Neste ano, em que comemoram uma década de existência, a banda lança o EP “Tales of Doubt and Death”, no mesmo momento em que anunciam novidades, como mudanças na formação (pela entrada do baixista Lucas Bernardes). Em sua sonoridade, o AnamA puxa para si a responsabilidade de representar o já esgarçado gênero do sinfônico female-fronted, buscando trazer elementos que caracterizem sua originalidade, como nuances progressivas e experimentais, que tentam trazer sabor novo ao seu som, em meio ao combo já bastante manjado de vocais líricos, frases guturais e elementos eruditos e clássicos.

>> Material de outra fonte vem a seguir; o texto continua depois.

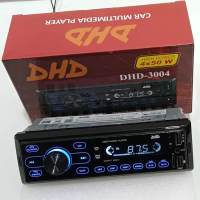 Tape Mobil Single Din Car Mp3 DHD Radio FM 2 Port USB dan Bluetooth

O ar do trabalho é épico. O EP expressa bem as intenções da banda trazendo músicas homogêneas, mas bem trabalhadas. A produção, independente, foi feita com esmero, com uma profusão de sonoridades e instrumentos bem mixados e equalizados, o que se percebe no destaque do EP, que fica com “Priest”. O álbum é liricamente interessante, abordando questões obscuras da natureza humana, como se mostra em “The Tale of the Ripper”, uma narrativa sobre Jack, o Estripador. As letras condizem com a atmosfera obscura e gloomy que a banda tenta passar.
A banda é promissora e talentosa, mas esperamos mais conteúdo para o álbum vindouro. As músicas não trazem exatamente de novo, e em dado momento soam até bastante repetitivas. As canções não são muito ousadas harmonicamente, o que dá a impressão de estarmos olhando tudo por um mesmo prisma. Mesmo como fã do gênero, é improvável que alguma das canções entre para a sua playlist. O instrumental é bem executado, e não se pode ignorar o talento da vocalista Babi Bueno; por isso, é de se esperar que os paulistas mereçam composições que estejam à altura de suas capacidades, para representar o metal tupiniquim com um som robusto, original, e diferente da massa à qual já estamos acostumados.